-- SOURCE MATERIAL follows --

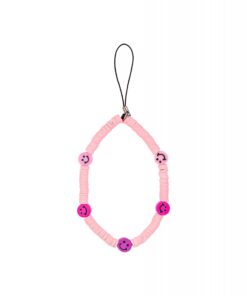 Pink Smiles Phone Charm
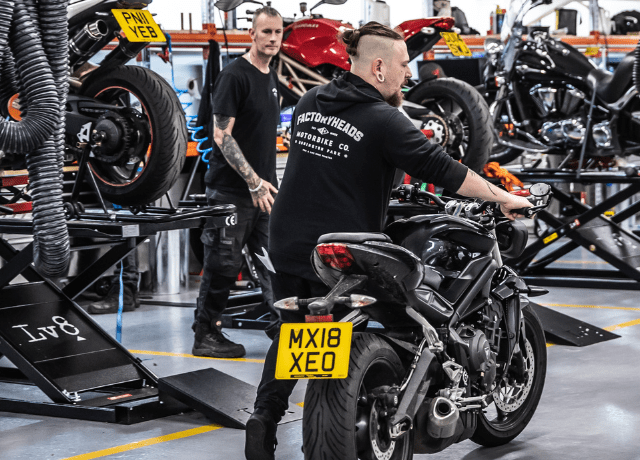 SuperBike Factory detail and preparation area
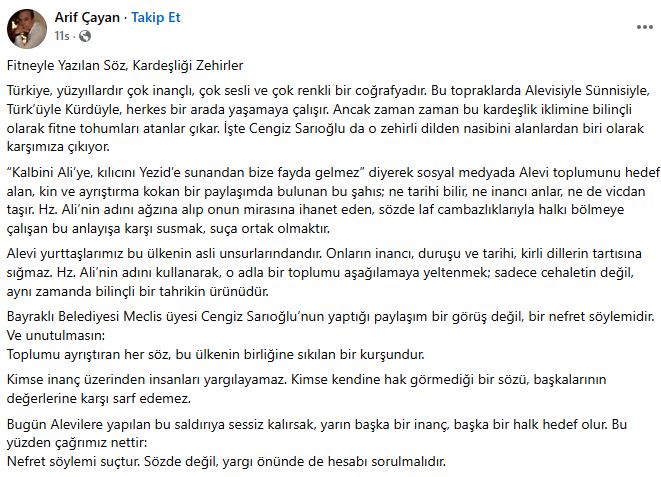 Izmirde Meclis Uyeleri Alevileri Hedef Almisti Sosyal Medyadan Tepki Yagdi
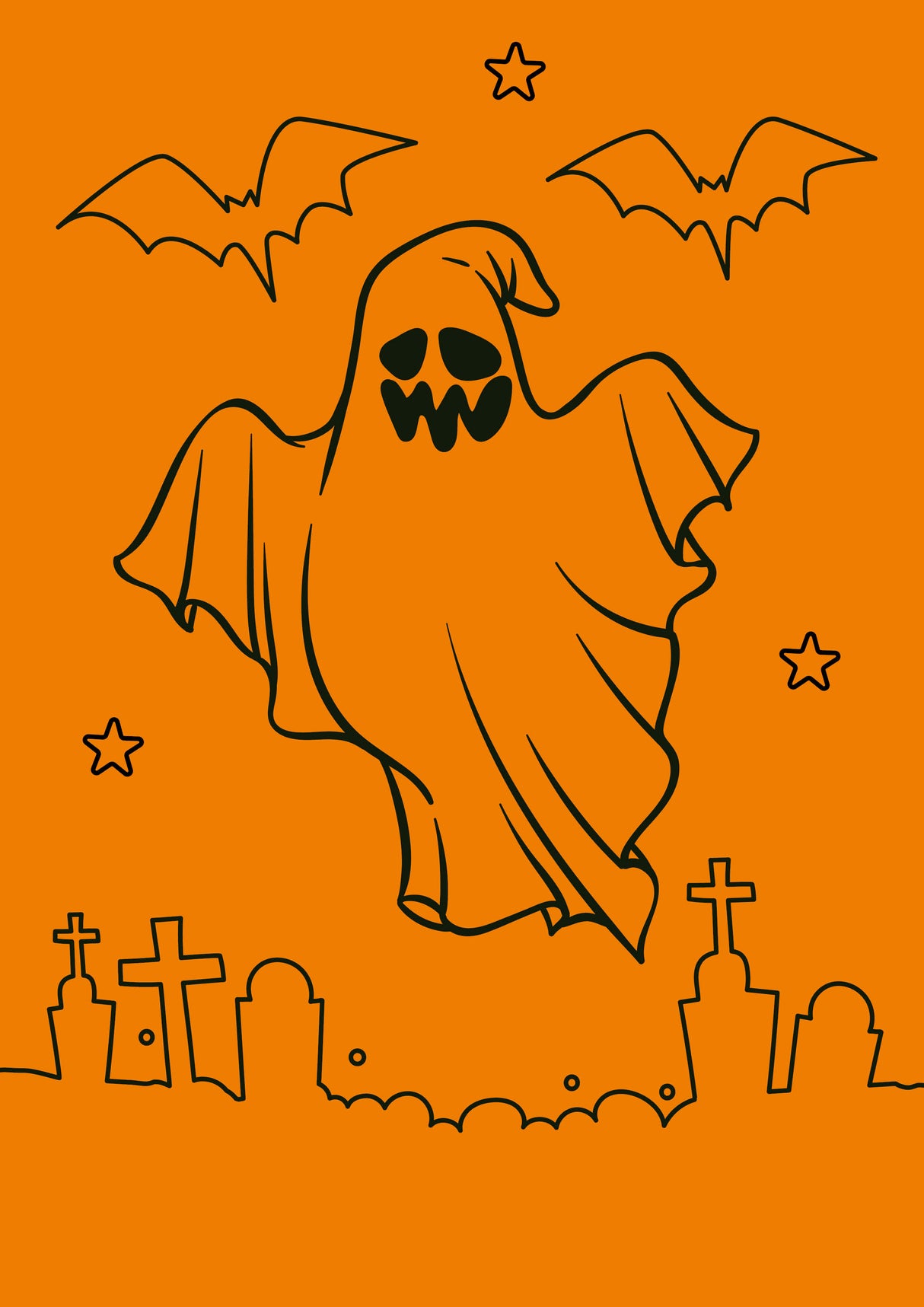 Graveyard Ghost Sand Art Picture (10 Pack)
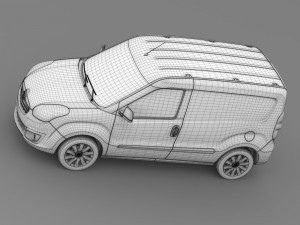 opel combo swb cargo 2015 d 3D Model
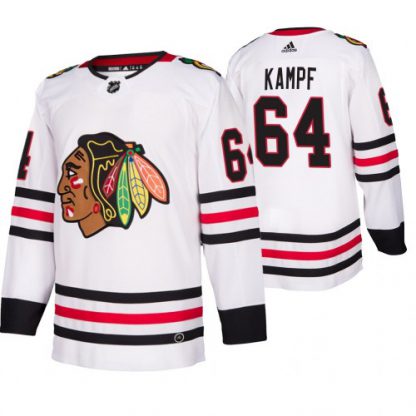 Chicago Chicago Blackhawks #64 David Kampf 2019-20 Away Authentic Player White NHL Jersey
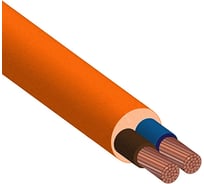 Провод ЭлПроКабель ПВС 2x1.0, оранжевый, 100м 4630017935833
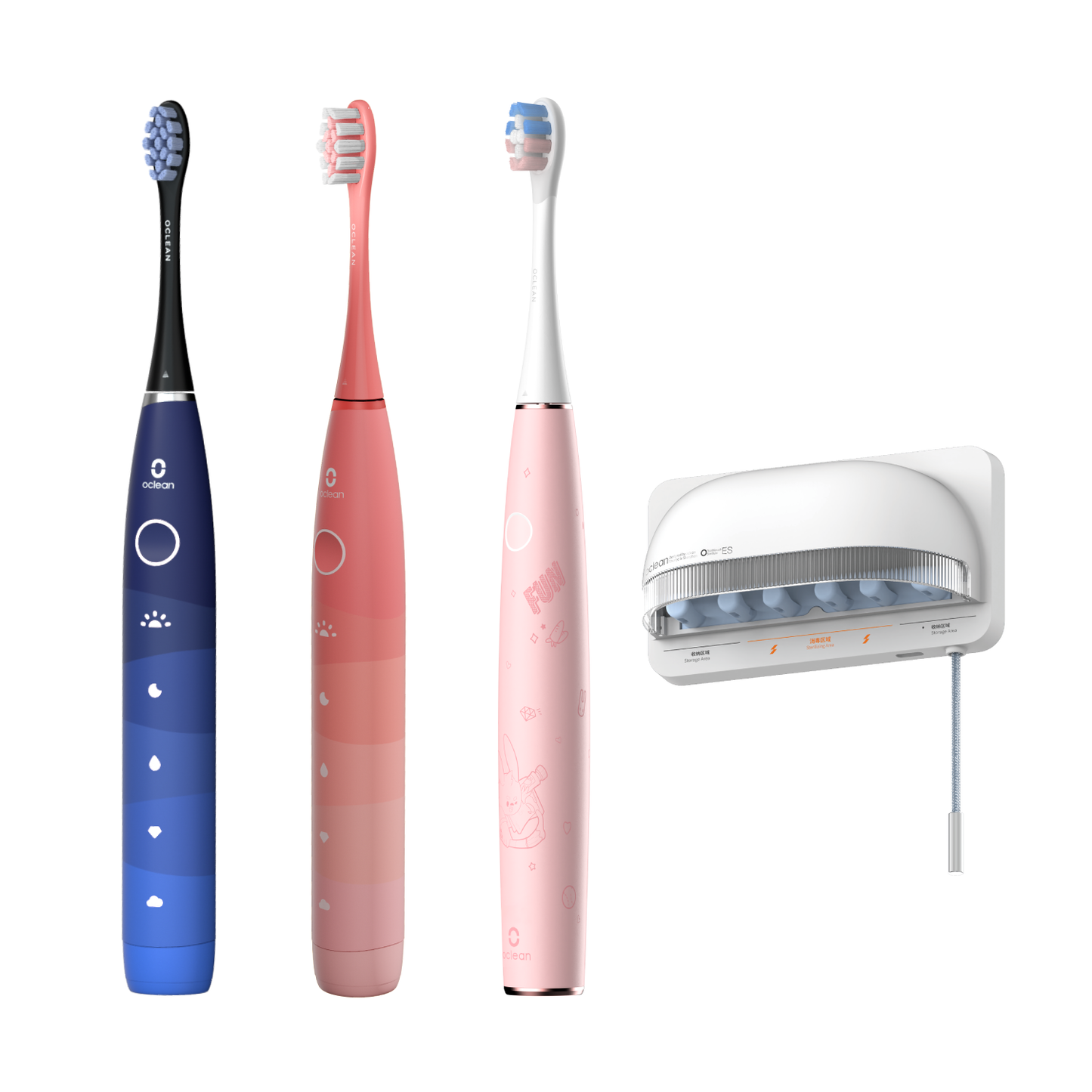 Family Essentials Set 1-Toothbrushes-Oclean Global Store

-- SOURCE MATERIAL concluded --

AIM OF THE EXERCISE: Your answer should copy the listing word for word, with no pictures in it.

THE ANSWER:
 Pink Smiles Phone Charm
 SuperBike Factory detail and preparation area
 Izmirde Meclis Uyeleri Alevileri Hedef Almisti Sosyal Medyadan Tepki Yagdi
 Graveyard Ghost Sand Art Picture (10 Pack)
 opel combo swb cargo 2015 d 3D Model
 Chicago Chicago Blackhawks #64 David Kampf 2019-20 Away Authentic Player White NHL Jersey
 Провод ЭлПроКабель ПВС 2x1.0, оранжевый, 100м 4630017935833
 Family Essentials Set 1-Toothbrushes-Oclean Global Store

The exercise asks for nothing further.